| Edito
"Mille
maisons + Une"
"Tout l'effet d'annonce est là : dans le dévoilement ou la révélation
soudaine à un individu bien précis d'un lieu où, imagine-t-il, vivre lui
serait possible"
Marc Augé, Domaines et châteaux (Seuil, 1989)
Poème à la banalité d’habiter quelque part ou fiction productive que
nous avons laissé proliférer ? Par tacite contrat, nous postulerons
qu’elle existe, a existé ou existera… et qu’elle est unique ! De toutes
les maisons que nous avons fréquentées, il en est une et une seule à
laquelle nous sommes attachés plus qu’à toute autre par des liens ténus,
obscurs, presque invisibles : une lumière, une exposition dans l’espace,
une couleur, une odeur, un sentiment de sécurité et de bien-être. La
mémoire en a sauvé quelques images, des moments, des habitudes. Je me
souviens qu’ici, sur ce mur, il y avait la pompe et que dans ce hangar
était suspendue une balançoire que l’on se disputait entre enfants du
voisinage… et le puits au fond du jardin…
C’est tout un art d’élire cette maison-là, de la reconnaître pour
sienne, de s’y installer après l’avoir rêvée. Inscrite dans le paysage,
elle s’inscrit en nous, et nous y inscrit à notre tour. L’occuper ne
suffit pas, il faut aussi l’apprivoiser ! Elle est inaccessible dans sa
totalité. On y a pénétré par le jeu d’un détail. On a ressenti le poids
de ses murs, deviné peut-être la présence de quelque fantôme tutélaire.

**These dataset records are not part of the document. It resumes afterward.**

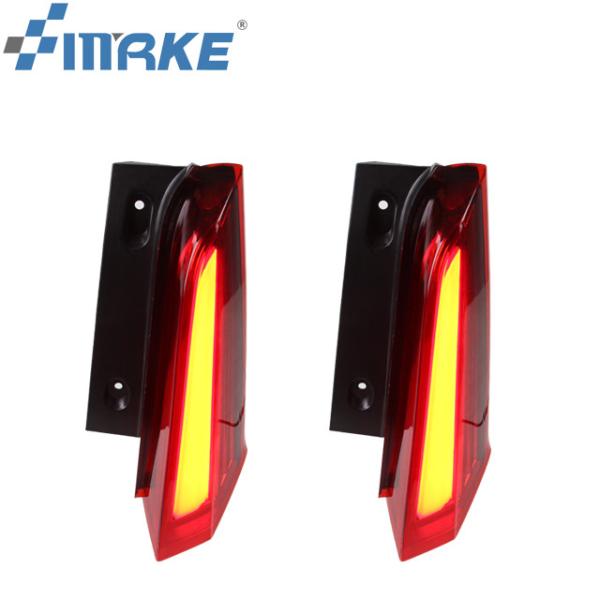 Suzuki Ertiga Pillar Light 2018 2019 Car Rear Trunk LED Column Brake 12v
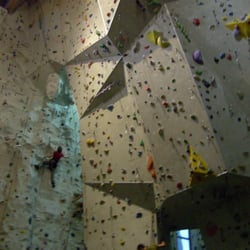 DAV-Kletterzentrum Stuttgart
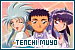 Series: Tenchi Muyo! Series: Tenchi Muyo!
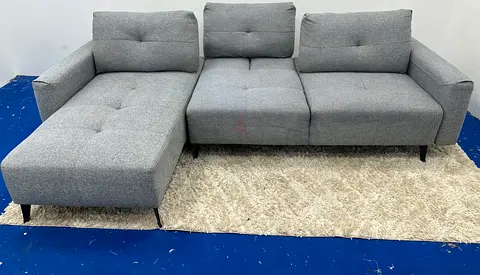 Like new condition home centre sofa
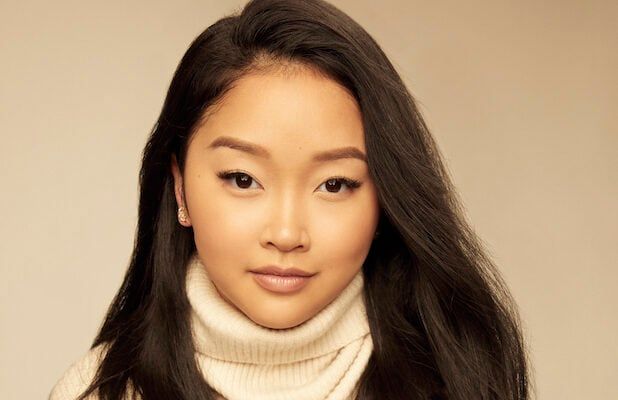 Lana Condor to Star in Netflix Teen Ghost Comedy Series ‘Boo, Bitch’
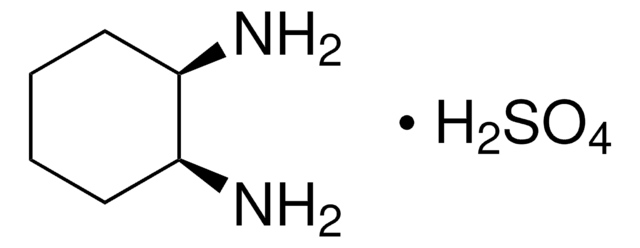 CIS-1,2-DIAMINOCYCLOHEXANE SULFATE AldrichCPR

Il y a ce qu’on en montre et ce qui reste intime ; ce qui se voit de
l’extérieur, et ce qui, de manière singulière, se vit à l’intérieur.
Tout témoigne d’un ardent désir d’abri et de protection, mais aussi de
projets rendus possibles par la présence même de ce lieu propre. Si l’on
s’adapte à elle et elle à nous, la maison devient notre deuxième peau
(la peau, les murs, même combat !), jusqu’à nous représenter et ne faire
plus qu’un (si, si, cette symbiose se produit plus souvent qu’on ne
croit !). Entre elle et nous, le dialogue s’engage et se poursuit au gré
des réalités de l’existence.
Evoquer la maison, c’est être conscient que l’on découpe dans le vaste
monde une petite carte mentale revêtue d’une subjectivité subtile. Le
mot engendre sans difficultés récits et souvenirs. Il dit un rapport au
temps, à l’espace, aux régimes diurnes et nocturnes de la vie, aux êtres
et aux choses, au travail et à la langue, à la possession et à la perte.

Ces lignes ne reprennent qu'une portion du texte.